Luckily, rescue workers are around to help with cleanup efforts and ease the stress load of the local police force. Their assistance frees up the Rangers for important training and team building exercises, which is quite important given the expected dysfunction in the new friends. It’s quite difficult to meet an entirely new group of people and become an unstoppable force in only a matter of days. Unless you are the New England Patriots.

Of course, no training ever goes smoothly as Jason and his team learn over the course of Aftershock. New enemies, random emergencies, and pure cockiness disrupt what could have been a good learning experience. And this is where Ryan Parrott’s story shines. He has crafted a plot that both makes sense in the cinematic universe but also stands alone as its own separate story. Aftershock doesn’t feel like a retread or useless tie in. No, this comic feels like its own entity that can stand with the Mighty Morphin’ Power Rangers and Justice League/Power Rangers.

Granted, it does help that Parrott does a solid job with the comic’s characters. Aftershock’s author takes established characters from the movie and mostly recreates their quirks and personalities in the panels while trying to show their growth. Sure, Billy isn’t quite as talkative as his cinematic version, but his style of comments still work. The same can be said for Zack. The movie version, played by Ludi Lin, is a headstrong fighter that doesn’t particularly care for leadership, and he is the exact same in Aftershock. Jason shows more insecurity than you would expect from the leader of the Power Rangers, but this vulnerability actually makes sense after watching the film.

But the most interesting characters by far are Trini and Kimberly. The Yellow and Pink Rangers are important members of the squad, but neither said too much during the movie. Sure, Kimberly was talkative, but she didn’t truly open up until later on. Trini, on the other hand, was pretty mum throughout the movie. In Aftershock, however, both of these Rangers are decidedly more talkative with important things to say. It feels like a nice evolution of the characters that would actually happen after such a momentous event. Plus, it makes up for the main villains of the issue being slightly lackluster.
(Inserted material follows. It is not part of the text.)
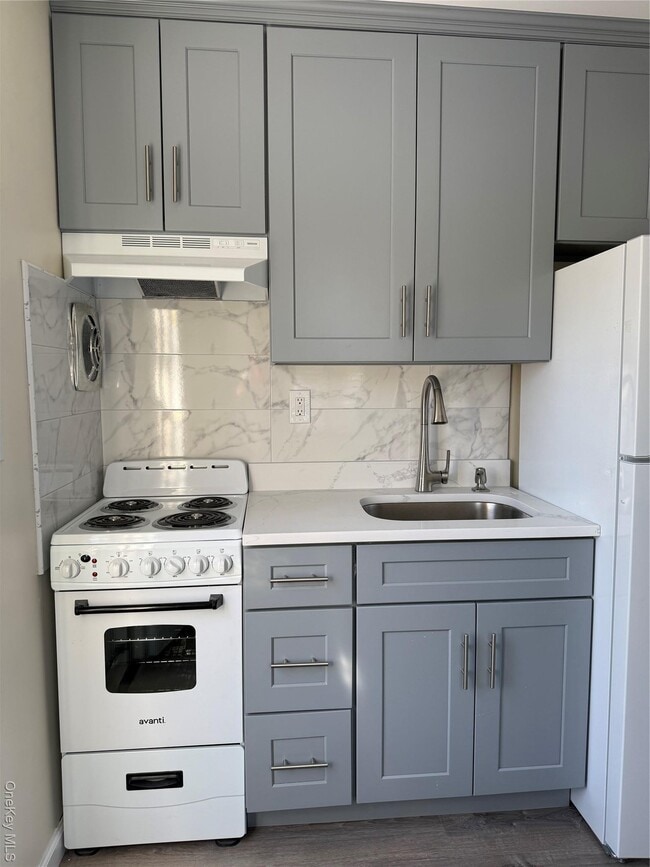 Building Photo - 6 Bayberry Ln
Power Rangers Aftershock isn’t perfect by any stretch of the imagination, but it is the the exact thing you need after watching the new movie. The story does a great job continuing the newly established trends, and it opens up new opportunities for character interactions that wouldn’t be possible in a big budget blockbuster. Most importantly, Aftershock also explains how a city can get destroyed in a massive battle but end up completely rebuilt by the sequel. That’s been bugging me for years.